The International Criminal Court in The Hague is known for the prosecution of crimes against humanity. On Tuesday, the tribunal heard the first-ever arguments against an individual charged with the destruction of world heritage sites. Prosecutors want the Islamist leader alleged to be responsible for the ruination of 15th century artifacts in Timbuktu to be charged with war crimes.
Whether or not the case moves forward is unlikely to stop the cultural massacre taking place in Iraq and Syria, where ISIS has been systematically destroying the countries’ histories. Among what has been demolished is the Arch of Triumph located in the 2,000-year-old city of Palmyra, Syria, the tomb of the prophet Jonah and, in one Iraqi city, more than 100 of its churches. Some of the relics have been bombed, some were bulldozed, some were attacked by hand with sledgehammers.
“Without knowing our past, we can’t creatively conceive of our future.”
Fear that the ruination would continue, if not in Syria and Iraq then in other countries around the world, is what led Svetlana Peshkova, associate professor of anthropology, to create a research internship in cultural heritage.

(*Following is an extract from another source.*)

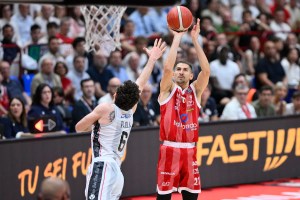 Diego Flaccadori è il Sesto Uomo Realme degli LBA Playoff UnipolSai 2024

The program grew out of a talk hosted by the anthropology department that had the Boston-based nonprofit American Society of Oriental Research (ASOR) discussing why ISIS is annihilating Syrian’s heritage. Founded in 1900, ASOR supports research into, and public understanding of, the history and cultures of the Middle East.
“We are losing our human heritage. It’s not just in the Middle East; it’s not just Africa or the region. It’s the whole human society. It’s how we learn,” Peshkova says. “Without knowing our past, we can’t creatively conceive of our future.”
Launched in 2015, the research internship had UNH students Emily Ham and John O’Neill, both of the class of 2016, working with ASOR’s cultural heritage initiatives team to document the ruin of churches, museums, tombs and other ancient sites in Syria and northern Iraq. Two reports the pair helped author were published in September.
Using newspaper accounts from around the world coupled with satellite imaginary, Ham and O’Neill helped compile weekly accounts that detailed the histories of the artifacts and heritage sites demolished and those that remain under threat.
“ASOR is doing an amazing job documenting the history that could be lost forever. This is important because it belongs not only to Syrians or Northern Iraqis, but to us all. The Middle East is the heart of human civilization and there is so much to be learned from it,” Ham says.
An anthropology and international relations major, Ham talked of the daily tracking of news in Syria through newspapers and social media outlets like Twitter, Facebook and YouTube.
“We had to be on our toes all the time regarding bombings, lootings — anything that could effect destruction of the country’s cultural heritage,” Ham says, adding, “It was a very humbling experience to know what was happening. It put things in perspective, realizing the project is necessary and deserves support.”
Ham and O’Neill read 20 articles per week, analyzing them and then summarizing what they learned in a report. The written histories of sites and relics that have been destroyed included the period they were from, who made them and the faith with which they were associated. Much of what has been lost was built during the Roman Empire (27 BC – 1453).
“This program, and all of American Society of Oriental Research’s efforts, has had an enormous impact on the region,” says O’Neill, a history major. “It's important in understanding the situation as a whole. It's not just stolen statues and satellite images of dig sites. It's much bigger than that. It's about what of humanity will be left after the dust settles.
Peshkova would like to see the internship offered in any major and has already gotten support for next fall from international affairs, political science and Middle Eastern studies.
“Students would be doing something that matters while learning to analyze sources and information. At the same time, they would be getting the message out to the general public. It’s an incredible opportunity,” Peshkova says.